O casal crê na possibilidade de uma vida melhor, num lugar onde os filhos possam entrar para a escola. É a esperança quem os guia. A fome e a sede os acompanham.

Neste palco, o papagaio é a primeira vítima. Num dia de escassez, como em muitos outros, o animal serve de alimento para a família. "Afinal, ele nem falava!" - desculpou-se sinhá Vitória. Devemos mesmo ser sacrificados por não cumprirmos nossas funções?

Num dia de muito cansaço, devido à longa caminhada, o filho mais velho cai no chão, inerte. Fabiano perde a paciência: "Anda, condenado do diabo". O filho não reage. "Anda, excomungado". O filho se mantém inerte.  O pai sente pena do filho. Carrega-o em seus braços. Fabiano tinha esses momentos de pura animalidade. Sabia-se bicho. Um bicho que por vezes se humanizava.

Durante o trajeto, a família se instala numa fazenda. A seca parece dar uma trégua. Tem comida, tem água, tem um pouco de dinheiro pago a menor pelo patrão. Sinhá Vitória sabe fazer conta. Alerta ao marido que ele está sendo passado para trás. Fabiano se revolta com a injustiça. Chega a questionar o patrão que o repreende com desaforo.  O sertanejo põe o rabo entre as pernas. Afinal, melhor pouco do que nada.

Fabiano vai ao povoado mais próximo comprar mantimentos. Chegando lá, acaba se entretendo numa partida de jogo. Um dos jogadores é um soldado (o soldado amarelo). Há um desentendimento entre eles. Fabiano mal sabe se defender diante da escassez de seu vocabulário. Até que xinga a mãe do soldado. Vai preso. Fabiano se revolta. Pensa em fazer besteira. Mas, tem a família. Sinhá Vitória deve estar preocupada e a sua espera.
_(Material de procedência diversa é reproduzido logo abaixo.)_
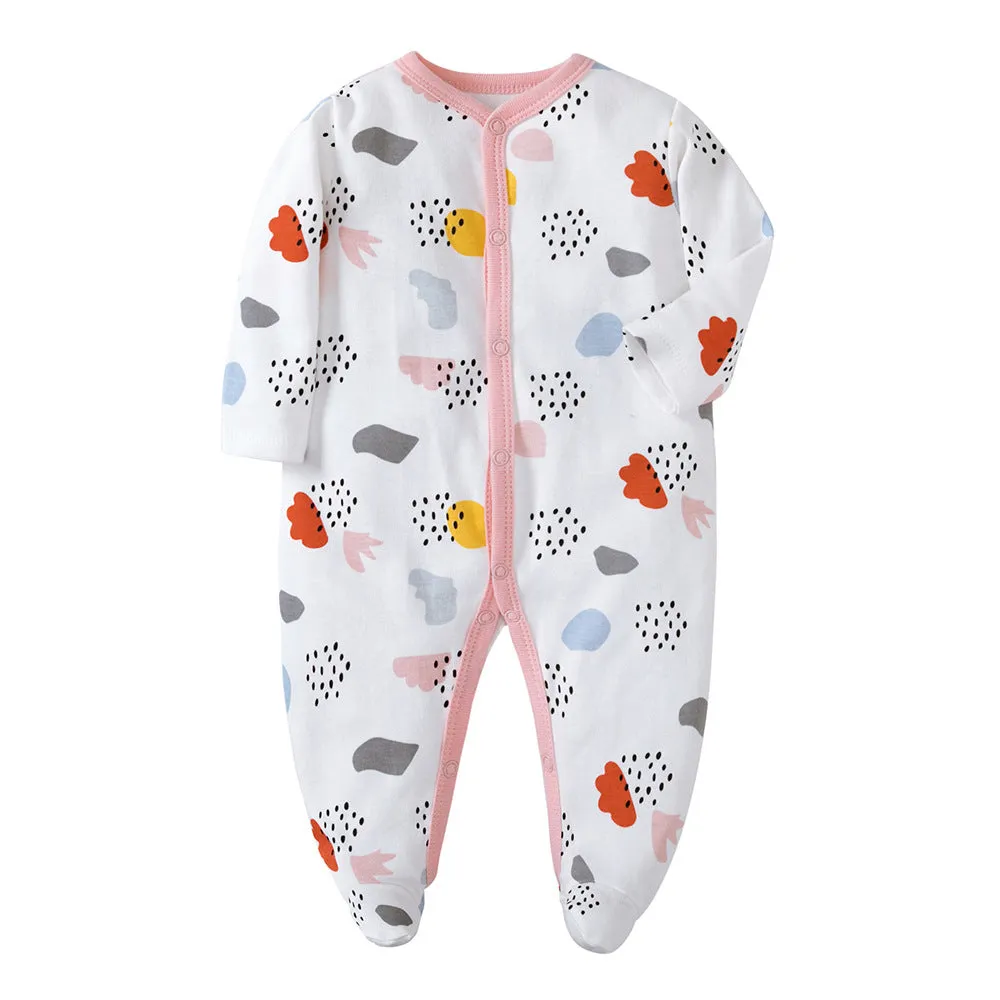 3pk Baby Girl 100% Cotton Long Sleeve 0-12M Footed Onesie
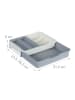 relaxdays Besteckkasten in Grau - (B)23,5 x (H)6 x (T)31,5 cm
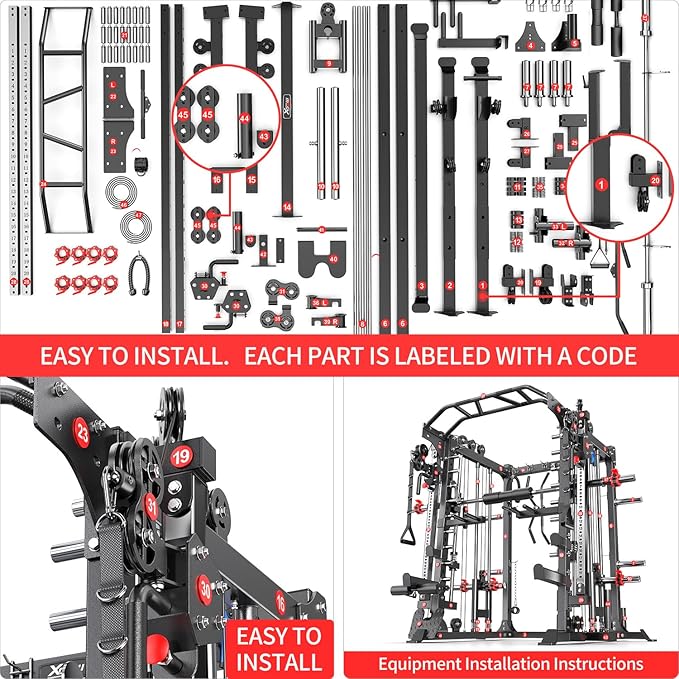 Smith Machine with Cable Crossover System, Multi-Function Squat Rack Power Cage for Home Gym, Power Rack and Packages Weight Sets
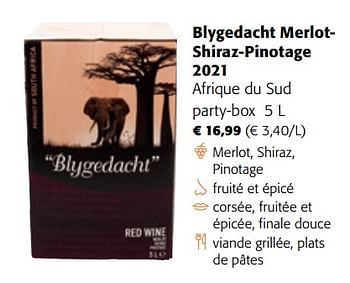 Promotions Blygedacht merlotshiraz-pinotage 2021 afrique du sud - Vins rouges - Valide de 10/08/2022 à 23/08/2022 chez Colruyt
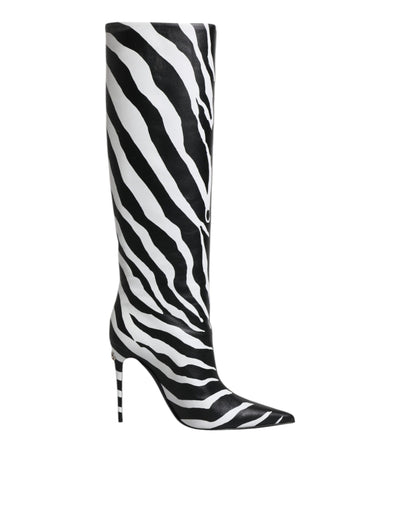 Bottes hautes à talons zébrés noires et blanches Dolce &amp; Gabbana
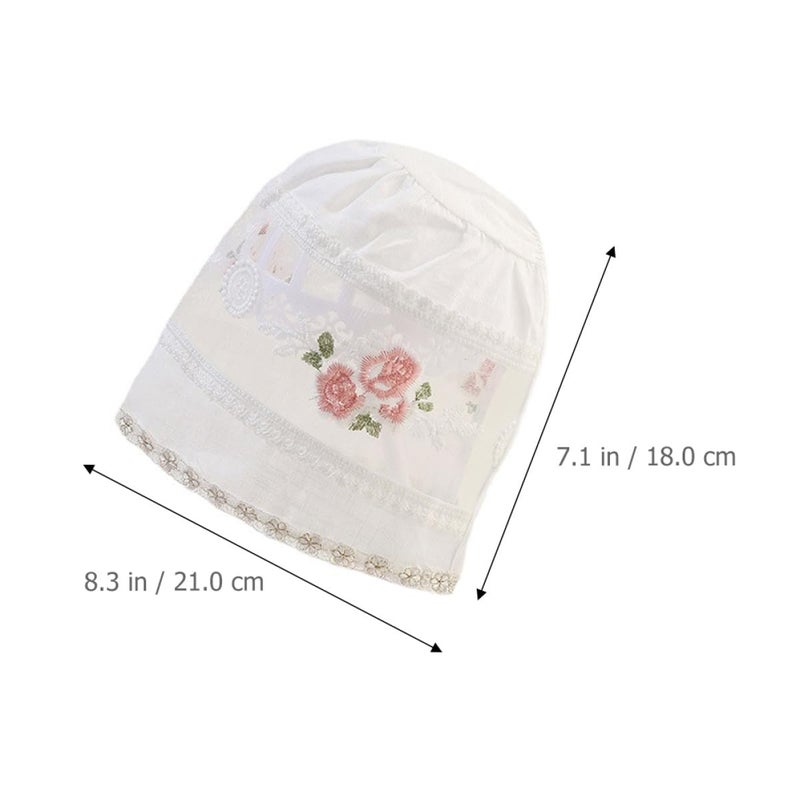 Newborn Baby Girl Sun Hat White Cotton UV Protection Summer Outdoor Photography Prop - Image 3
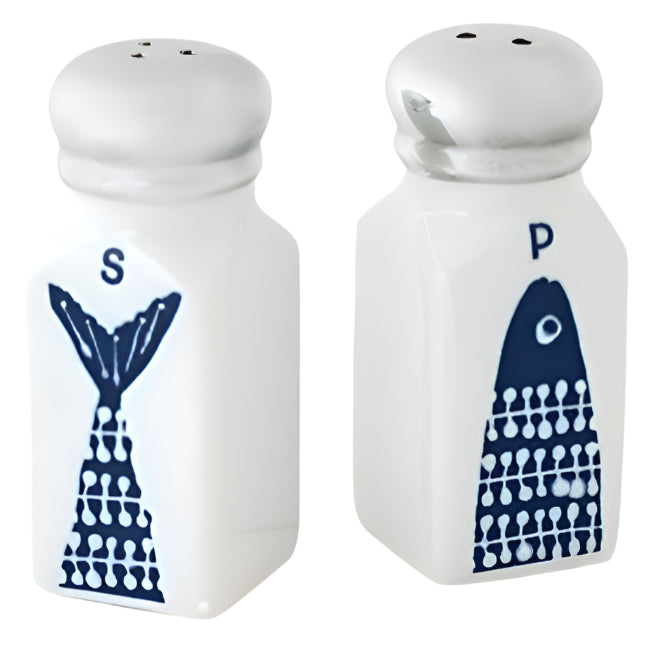 Porcelain "Heads or Tails" Fish Salt & Pepper Shakers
Volta para casa. O filho mais novo admira o pai de longe e o tem por seu herói. O filho mais velho admira as palavras. Ao ouvir uma senhora pronunciar "inferno" quer saber o significado. Pergunta para a mãe que lhe recebe com xingamentos. Diz que deve ser algo ruim e que fosse perguntar ao pai. O pai também não lhe dá confiança. O filho mais velho não entendia como uma palavra tão bonita como inferno pudesse significar algo ruim. Podia-se notar que era uma vida seca não só de água, mas também de palavras, gestos e expressões.

Quem muito se expressa é a cachorra baleia. Mais humana que muita gente. Só faltava-lhe falar. Mas, como sentia. Mesmo com fome ficava quietinha no seu canto esperando a parte que lhe tocava - os ossos. Era quase uma parente. Se a família conhecesse a palavra amor e o seu significado, talvez dissesse que amava Baleia. Mas, Baleia os amava com olhar, paciência e resignação.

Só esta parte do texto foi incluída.